Painter

Concepts

Palette Histogram Match

A free +0.55 on the VLM judge from a CPU postprocess that runs in under 100ms

Even with a good seed and a careful pipeline, the painted side of a tile drifts a little in colour. Not enough to look broken, but enough to read as "two photos pasted together" instead of one image. A standard image-processing trick — match the colour distribution of the output to the seed — closes most of that gap, for free, on the CPU.

Drag the slider

Slide from 0% (raw FLUX output) to 100% (full histogram match against the seed). Watch the histogram on the right migrate toward the seed's shape, and the tile preview drift back toward the seed palette.

Seed (the target)
Output (varies with slider)
RGB histograms — seed vs output
R seed (line) · output (bars)
G seed (line) · output (bars)
B seed (line) · output (bars)
100%
Palette similarity to seed
0.955 Bhattacharyya · 1.0 = identical
Stylised VLM lift
+0.55 illustrative — see iter-8 below

How the trick works

For each colour channel (R, G, B), build a cumulative distribution of pixel values in the seed and in the output. Then remap every pixel in the output to the value that has the same cumulative position in the seed. The rendering content stays put — only the tone curve shifts.

1

Build CDFs

Per channel, count pixel intensities into bins and accumulate. Two CDFs: one for the seed strip, one for the output tile.

2

Map values

For every output value v, look up its CDF position in the output, then find the seed value with the same CDF position. Replace v with that seed value.

3

Recombine

Three remapped channels stacked back into an RGB image. No model call, no GPU, no learnable parameters. skimage.match_histograms does this in one line.

Why this is different from a flat colour grade

A flat colour transform (LUT, white balance, saturation) shifts every pixel by the same rule — it can't fix mid-tone drift without crushing highlights. Histogram matching is per-percentile: pixels that were in the bottom 20% of green in the output become the bottom 20% of green in the seed, regardless of their absolute value. That preserves local contrast while rebuilding global tone.

Real numbers from iter-8

Stacked on top of the iter-5b stack with no other changes.

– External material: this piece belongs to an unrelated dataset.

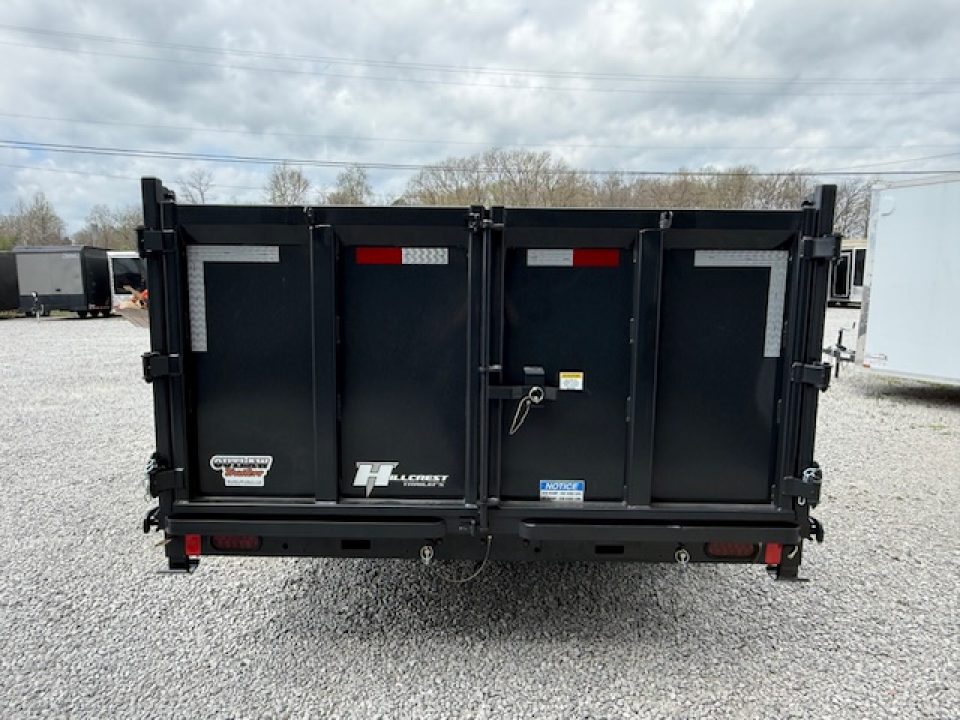 New Hillcrest Dump 7x16 14k 40" Sides BP W/ HD Tube Ramps & Hydraulic Jack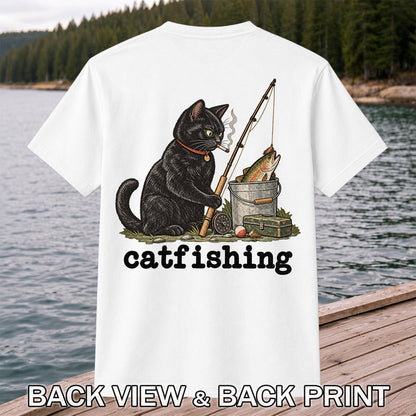 Catfishing Smoking Black Cat with Fishing Rod Funny T-Shirt | Back Print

Some biomes barely move; others — particularly tightly-toned ones like dungeon stone — shift dramatically.

Dungeon
8.2
10.0
+1.8
Forest path
5.4
6.3
+0.9
Castle wall
4.8
5.7
+0.9
River shore
5.9
6.4
+0.5
Aggregate lift, iter-7c → iter-8
+0.55 across the board. Largest single-postprocess gain of this batch, at zero GPU cost.

When it doesn't help

  • Tiles where the output and seed share the same palette already (no drift to fix).
  • Tiles where the structural error is the dominant problem — palette match makes a wrong-shape river the right colour, but it's still the wrong shape.
  • Style transfers across biome boundaries (matching a desert tile's histogram to a forest seed produces unnatural greens).
How this is built (technical)

Postprocess uses skimage.exposure.match_histograms(output, reference, channel_axis=-1) against the seed strip cropped from the anchor. Runs CPU-side after image generation, before VLM evaluation. End-to-end cost on a 1024² tile is ~80ms on a single core. Implemented in scripts/spikes/palette_match.py; results visualised per-biome in scripts/spikes/_research/palette_match_visual_analysis.md.